This piece was first published as “How Russia’s Adoption Ban Hurts Jews” on The Sisterhood blog at The Forward.
On December 28, Russia legally banned the adoption of Russian children by U.S. citizens. President Vladimir Putin signed the controversial legislation (which takes effect on January 1, 2012) following its approval by the upper house of the Russian parliament earlier last week.
The ban is part of a package of retaliatory measures against the Magnitsky Law, American legislation aimed at punishing Russian human rights violators. The Kremlin has also cited the deaths of 19 Russian children due to abuse by their American adoptive parents as a reason for the ban.
Russia is the third most common source of international adoptions for Americans, following China and Ethiopia. However, the U.S. is the largest single foreign destination for Russian orphans. Approximately 1,000 Russian children have been adopted by Americans annually in recent years. Around 70,000 have been adopted by U.S. citizens since the fall of the Soviet Union.

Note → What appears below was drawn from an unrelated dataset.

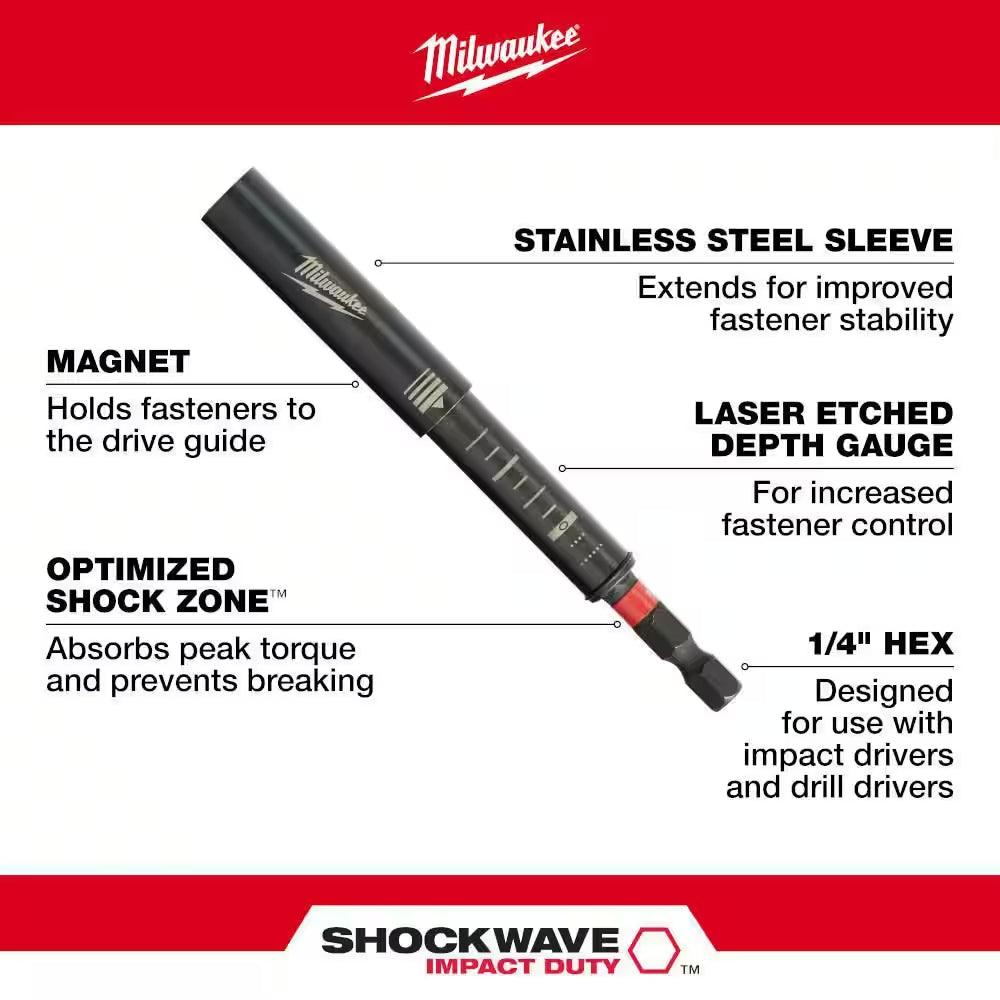 SHOCKWAVE Impact Duty Magnetic Alloy Steel Drive Guide Bit Set (7-Piece)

It is unclear how many of those 70,000 children went to Jewish families. Seventeen percent of the 750 Jewish American adoptive families who responded to a survey conducted by the Adoption and Jewish Identity Project adopted children from Russian from 1990 through 2011. However, Dr. Jayne Guberman, the project’s co-director warned, “The survey respondents are not necessarily representative of the entire American Jewish population. For example, they are probably more highly Jewishly identified since they were interested in and willing to take the time to complete a long and complex survey.”